The Court determined that plaintiffs were entitled to summary judgment because their positions as Investigators were not directly related to the management of GEICO’s general business. Specifically, the Fourth Circuit explained that the directly related element is met when an employee performs work directly related to assisting with the running or servicing of the business. Here, the Investigators’ primary responsibility was too far removed from GEICO’s management or general business operations to satisfy the second element. The Investigators had no supervisory responsibility and they did not recommend or develop GEICO’s business policies with regards to the claims under investigation. The Fourth Circuit concluded that although the Investigators work was important to GEICO, the directly related element hinges on the nature of the work and not the outcome of that work.

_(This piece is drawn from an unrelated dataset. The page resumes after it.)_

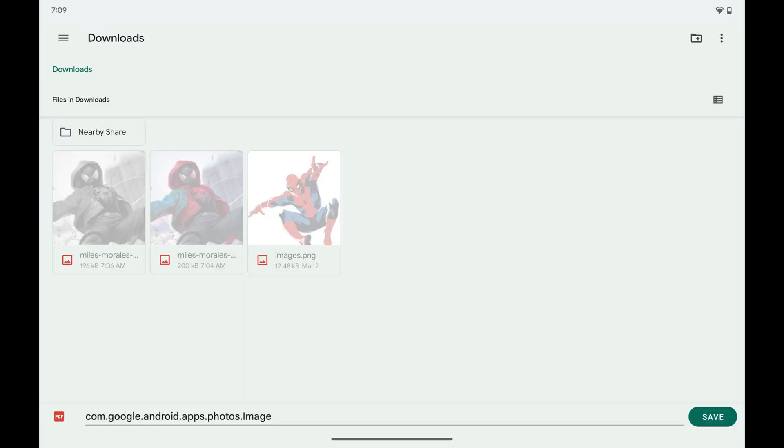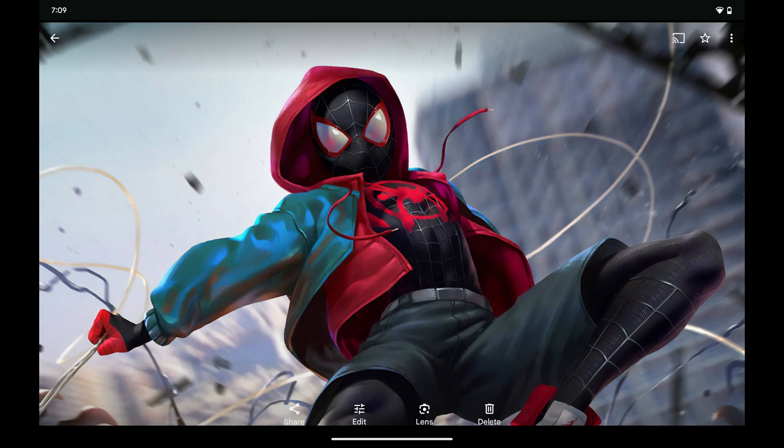The Downloads window is displayed. Step 5: Navigate to the location where you want to save your PDF, and then click Save. In this example, I'll save my PDF to my Downloads folder. Your photo that's been converted to a PDF will be saved to that location on your Android device.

The Fourth Circuit looked to both FLSA regulations and Department of Labor opinion letters to support its conclusion. Furthermore, the Court found unpersuasive GEICO’s argument that Investigators nevertheless performed some of the same duties that Claims Adjusters perform and were thus exempt. The Court countered this argument by pointing out that the title of Claims Adjuster alone does not warrant an exemption—the directly related element must be determined on a case-by-case basis. Second, while the Court acknowledged that the Investigator position may have duties that support GEICO’s claims-adjusting process, this has to do with the ultimate consequence of the position rather than the nature of the work, which is the true focus for the directly related element.

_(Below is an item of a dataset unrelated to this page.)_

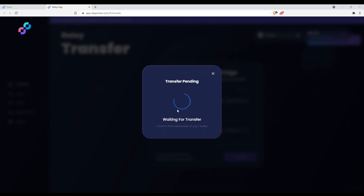Once the transfer is initiated, wait a few minutes for the relayers to approve the transaction.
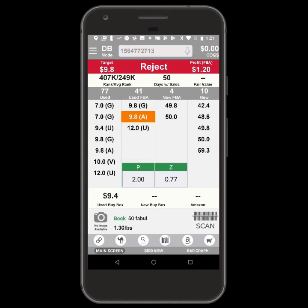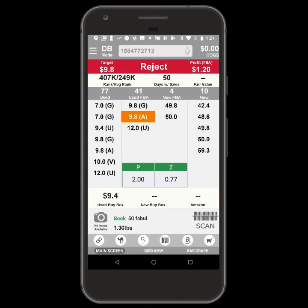In this example, Powell's Bookstore will buy the item for $2 and Zifit.com will buy the item for $0.77. You can tap the numbers to view the offers on the vendors' websites.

Plaintiffs’ Arguments over Remedies

Next, the Fourth Circuit addressed the plaintiffs’ various complaints regarding the remedies awarded to them. First, the plaintiffs argued that the district court erred in determining that GEICO did not act willfully under the FLSA. Whether a party acted willfully in violation of the FLSA impacts the statute of limitations. If the violations were not willful then the limitations period is two years, but if the violations were willful then the period is extended to three years. The Fourth Circuit concluded that due to the close and complex nature of the elements at issue in this case, GEICO did not act willfully in deciding to exempt Investigators from overtime pay.

Second, the plaintiffs alleged that the district court erred in its calculation of compensation to be awarded to the plaintiffs. Specifically, the plaintiffs claimed that there was no agreement between them and GEICO to receive straight-time pay for all hours worked in a given workweek. The Fourth Circuit determined that although the plaintiffs did not always work the same number of hours in a day, they received fixed salaries for the many years that the plaintiffs worked for GEICO. Therefore, an agreement for straight-time pay had been established.

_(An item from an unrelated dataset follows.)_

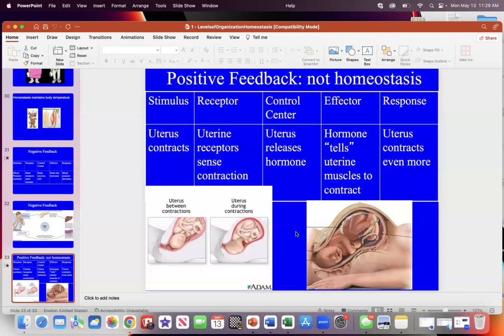In your body there are only three positive feedback loops. My suggestion is to know these three, because all other feedback loops you learn in the body are negative — only negative feedback maintains homeostasis.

Third, the plaintiffs contended that the district court erred in its denial of plaintiffs’ request for liquidated damages. Although the FLSA provides for an award of liquidated damages, a district court may refuse the award if the employer showed that it acted in good faith. The Fourth Circuit found that, again because the issue was very close and GEICO reviewed the classification on multiple occasions, the district court was allowed to refuse to award liquidated damages.

Finally, the plaintiffs argued that the district court abused its discretion in declining to award prejudgment interest. On this final issue, the Fourth Circuit agreed with the plaintiffs, noting that under the FLSA prejudgment interest is typically necessary, in the absence of liquidated damages, in order to make the plaintiff(s) whole.

Fourth Circuit Affirmed in Part and Denied in Part

As a result of statutory interpretation and supporting authorities, such as the opinion letters, the Fourth Circuit concluded that GEICO misclassified Investigators as exempt under the FLSA for overtime pay and thus affirmed the district court’s grant of plaintiffs’ motion for partial summary judgment. The Fourth Circuit further affirmed the district court’s decisions on the statute of limitations, the calculation of compensation, and the denial of liquidated damages. The Court reversed and remanded on the last issue of awarding prejudgment interest to the plaintiffs.